# Provided records:
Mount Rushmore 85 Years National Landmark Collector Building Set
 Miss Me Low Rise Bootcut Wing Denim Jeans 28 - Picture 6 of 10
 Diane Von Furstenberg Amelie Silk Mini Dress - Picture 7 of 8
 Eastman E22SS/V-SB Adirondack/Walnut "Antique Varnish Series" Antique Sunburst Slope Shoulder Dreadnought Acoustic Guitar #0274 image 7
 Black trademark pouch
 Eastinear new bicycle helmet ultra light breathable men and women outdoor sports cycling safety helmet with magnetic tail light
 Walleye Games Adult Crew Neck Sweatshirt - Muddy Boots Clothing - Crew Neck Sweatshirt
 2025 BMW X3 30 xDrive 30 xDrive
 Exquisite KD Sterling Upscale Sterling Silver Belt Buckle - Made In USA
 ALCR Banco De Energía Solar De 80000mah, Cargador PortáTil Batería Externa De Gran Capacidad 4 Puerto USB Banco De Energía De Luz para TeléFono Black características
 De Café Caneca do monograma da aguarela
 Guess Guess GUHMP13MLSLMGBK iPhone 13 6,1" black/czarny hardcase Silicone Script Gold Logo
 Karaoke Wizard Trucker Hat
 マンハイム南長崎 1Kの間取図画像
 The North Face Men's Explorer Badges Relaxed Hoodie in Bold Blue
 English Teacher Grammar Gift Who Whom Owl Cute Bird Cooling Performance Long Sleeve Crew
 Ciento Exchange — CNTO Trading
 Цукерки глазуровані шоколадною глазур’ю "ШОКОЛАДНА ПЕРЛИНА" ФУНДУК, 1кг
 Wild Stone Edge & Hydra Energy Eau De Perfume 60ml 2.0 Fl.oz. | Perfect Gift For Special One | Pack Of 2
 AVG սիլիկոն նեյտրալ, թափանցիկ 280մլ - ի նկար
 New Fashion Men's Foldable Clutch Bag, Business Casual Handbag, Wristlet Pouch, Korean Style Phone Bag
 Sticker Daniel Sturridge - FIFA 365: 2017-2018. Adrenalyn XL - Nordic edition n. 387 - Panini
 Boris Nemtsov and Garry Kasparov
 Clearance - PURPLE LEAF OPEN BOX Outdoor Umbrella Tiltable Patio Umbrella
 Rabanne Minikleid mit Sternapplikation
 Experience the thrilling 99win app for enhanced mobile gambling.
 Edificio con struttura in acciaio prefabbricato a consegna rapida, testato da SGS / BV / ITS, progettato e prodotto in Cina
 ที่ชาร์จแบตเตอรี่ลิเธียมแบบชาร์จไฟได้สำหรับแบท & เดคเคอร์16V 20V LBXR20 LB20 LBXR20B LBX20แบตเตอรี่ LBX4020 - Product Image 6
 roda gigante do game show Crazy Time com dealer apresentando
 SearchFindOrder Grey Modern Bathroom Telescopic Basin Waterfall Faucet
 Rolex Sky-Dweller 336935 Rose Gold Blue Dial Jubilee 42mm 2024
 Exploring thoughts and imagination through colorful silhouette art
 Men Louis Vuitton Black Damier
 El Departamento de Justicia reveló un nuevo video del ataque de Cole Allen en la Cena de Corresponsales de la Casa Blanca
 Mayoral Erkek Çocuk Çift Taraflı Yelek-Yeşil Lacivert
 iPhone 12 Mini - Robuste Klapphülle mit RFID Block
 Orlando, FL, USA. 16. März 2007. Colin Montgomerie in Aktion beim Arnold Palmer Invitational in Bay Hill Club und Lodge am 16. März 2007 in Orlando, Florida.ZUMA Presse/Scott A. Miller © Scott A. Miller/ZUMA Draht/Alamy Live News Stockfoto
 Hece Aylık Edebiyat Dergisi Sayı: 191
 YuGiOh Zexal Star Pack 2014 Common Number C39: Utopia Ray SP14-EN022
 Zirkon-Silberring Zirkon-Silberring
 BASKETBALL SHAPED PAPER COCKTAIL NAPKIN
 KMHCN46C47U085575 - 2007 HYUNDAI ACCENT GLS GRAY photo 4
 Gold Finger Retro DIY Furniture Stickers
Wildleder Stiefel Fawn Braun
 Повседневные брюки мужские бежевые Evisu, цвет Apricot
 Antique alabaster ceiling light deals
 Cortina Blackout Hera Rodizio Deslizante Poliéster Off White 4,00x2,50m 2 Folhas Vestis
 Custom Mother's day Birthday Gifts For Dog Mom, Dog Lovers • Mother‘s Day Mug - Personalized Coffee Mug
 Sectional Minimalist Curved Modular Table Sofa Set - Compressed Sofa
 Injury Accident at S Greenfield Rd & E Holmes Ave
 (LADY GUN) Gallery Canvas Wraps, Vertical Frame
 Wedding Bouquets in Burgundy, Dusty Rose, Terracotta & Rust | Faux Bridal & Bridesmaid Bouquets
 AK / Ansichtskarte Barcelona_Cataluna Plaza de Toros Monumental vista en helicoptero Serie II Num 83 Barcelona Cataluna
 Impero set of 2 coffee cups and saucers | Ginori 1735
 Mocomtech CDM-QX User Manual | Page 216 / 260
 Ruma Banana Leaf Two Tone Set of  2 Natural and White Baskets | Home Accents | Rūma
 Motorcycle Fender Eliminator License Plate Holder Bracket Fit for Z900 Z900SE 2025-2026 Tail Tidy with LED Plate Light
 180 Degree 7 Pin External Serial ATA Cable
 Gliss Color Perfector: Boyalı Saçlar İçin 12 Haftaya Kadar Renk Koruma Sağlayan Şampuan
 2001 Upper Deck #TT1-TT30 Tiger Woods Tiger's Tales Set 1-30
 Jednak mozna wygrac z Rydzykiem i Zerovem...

# Task details:
What is the number of lines in the records that contain "Rose"? State that number alone.

# Response to this task:
2